If I understand what you were saying is the salesperson would sell you, for $15,000, somthing that is worth around $5,000. 
Sounds like the sales presentation is somewhat flawed.  Wonder how the salesperson would justify spending the extra $10,000 for nothing? or did I miss the point...  My timeshare is with Worldmark and I see no difference between my ebay points and my friends high priced points.


----------



## timeos2 (May 22, 2010)

*The product is the same.
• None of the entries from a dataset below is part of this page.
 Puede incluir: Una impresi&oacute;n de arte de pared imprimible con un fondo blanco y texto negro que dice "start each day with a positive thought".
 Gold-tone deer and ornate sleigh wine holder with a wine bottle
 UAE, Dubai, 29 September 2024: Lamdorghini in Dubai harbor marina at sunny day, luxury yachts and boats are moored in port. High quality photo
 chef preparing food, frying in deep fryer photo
The cost isn't*



jmroncamano said:


> If I understand what you were saying is the salesperson would sell you, for $15,000, somthing that is worth around $5,000.
> Sounds like the sales presentation is somewhat flawed.  Wonder how the salesperson would justify spending the extra $10,000 for nothing? or did I miss the point...  My timeshare is with Worldmark and I see no difference between my ebay points and my friends high priced points.
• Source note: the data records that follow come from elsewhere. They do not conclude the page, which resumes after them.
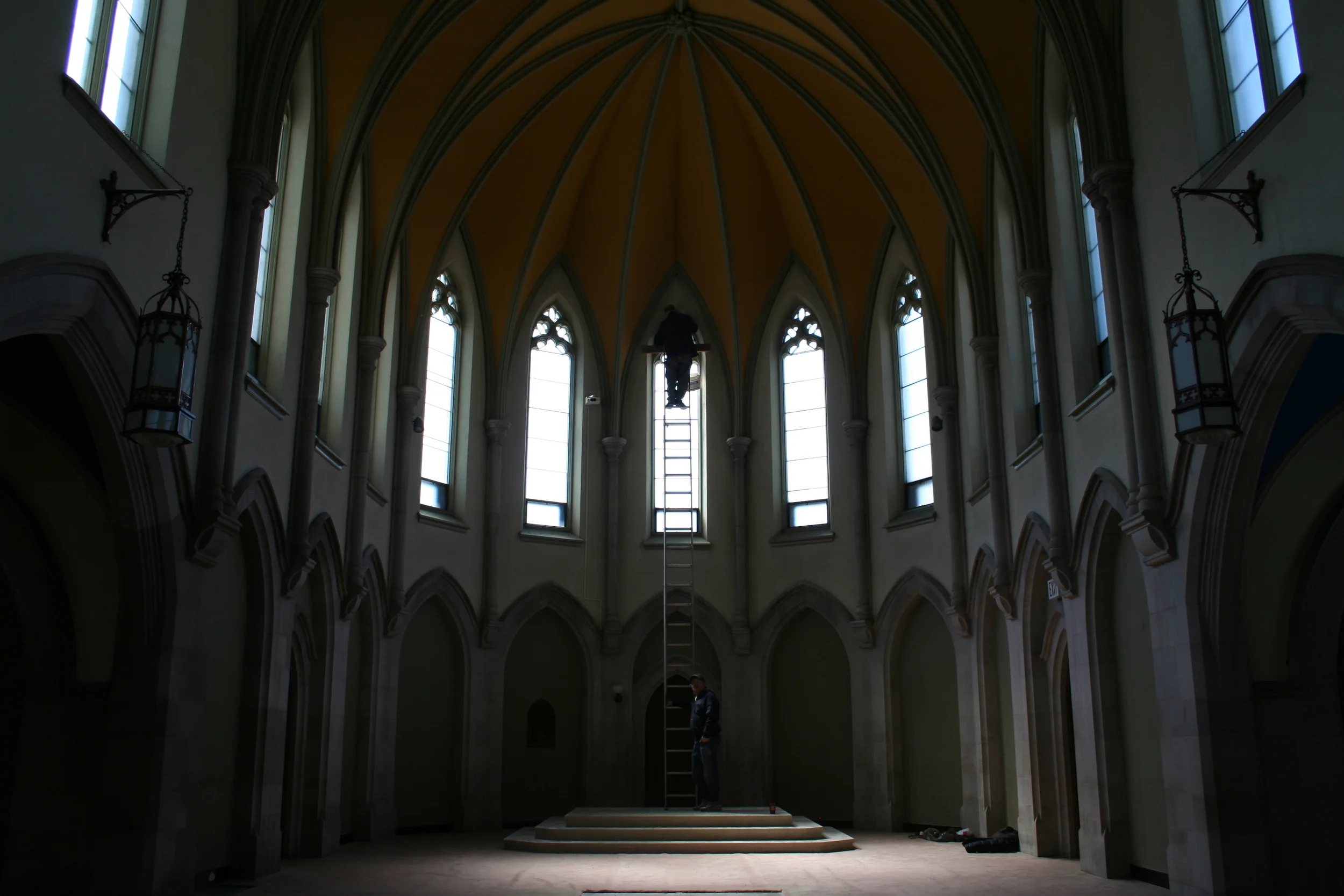 Public Energy Artistic Producer Bill Kimball helping Artist Robert Edmonson install his kinetic sculpture in the Chapel. Photo: Paul Oldham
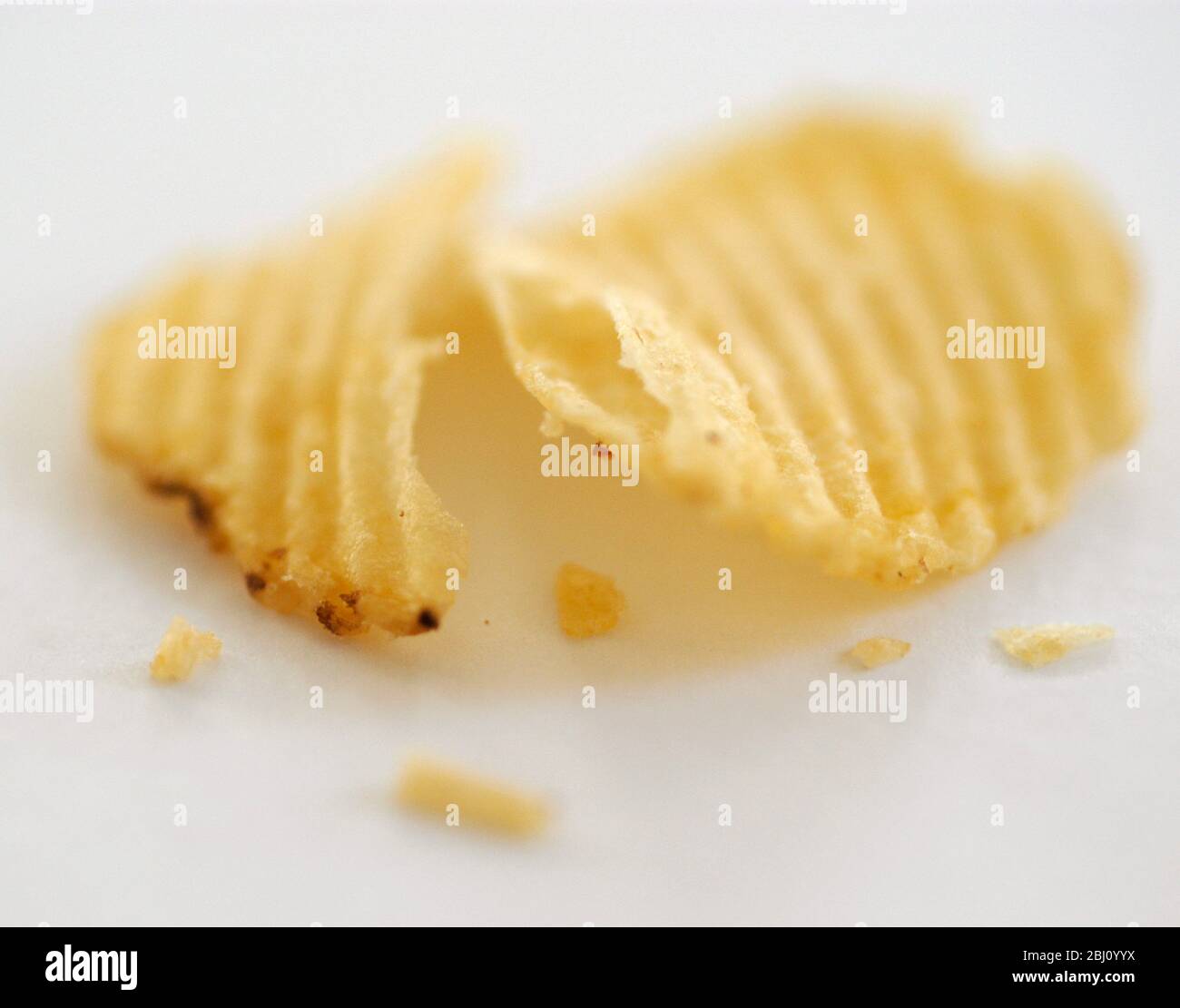 Zerkratztes Kartoffelchips auf weißem Hintergrund - Stockfoto
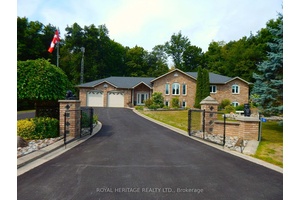 Welcome to this exceptional all brick bungaloft, offering the perfect blend of style, space, and flexibility all nestled on a beautifully landscaped 1 acre lot.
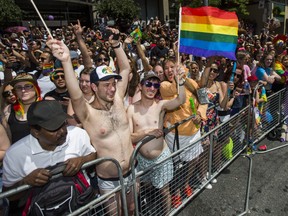 Spectators take in the Pride parade along Yonge St. in downtown Toronto, Ont. on Sunday June 23, 2019.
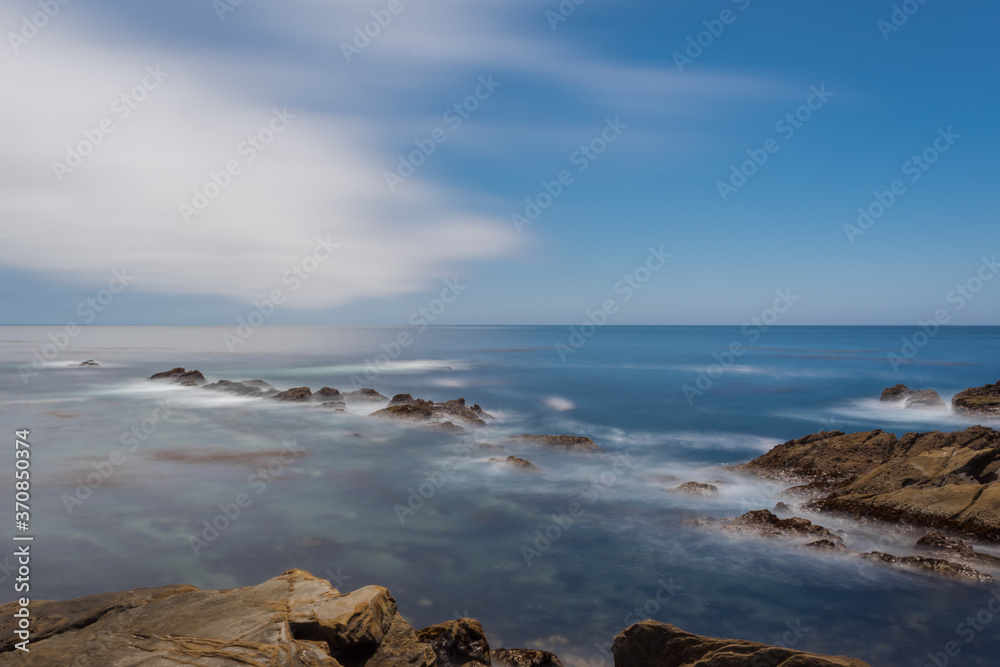 A long exposure of a rocky seashore of Pacific ocean in California.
No, you didn't miss anything. The sales weasel was selling a package worth $5,000 or less for $15,000.  The use rights are exactly the same for both methods of purchase.  The maintenance fees are exactly the same for both. The only difference is that $10,000 goes to the Weasel and his den of thieves vs a savings to the new buyer. Naturally most buyers would prefer to support the Weasel family as most are animal lovers, right?  :hysterical: 


NEVER buy timeshare retail.


----------



## scrapngen (May 22, 2010)

timeos2 said:


> ..... Naturally most buyers would prefer to support the Weasel family as most are animal lovers, right?  :hysterical:
> 
> 
> NEVER buy timeshare retail.



:rofl: :rofl:
Weasels smell bad. I prefer beavers and wombats!


----------



## GregT (May 22, 2010)

Listen to Goofy and the others here,

I own 112,000 points (EOY) that I bought at Smoky Mountain and pay a monthly fee of $22/month.  This allows me to access Smoky Mountain at 12 months, but more importantly to me, Elysian Beach (the whole reason I bought this thing) at month 10.  Availability is tremendous --

Points are points -- no difference between resale and retail.

I bought the package for about $100 (before closing costs of approx $400).

Good luck -- and buy on eBay!


----------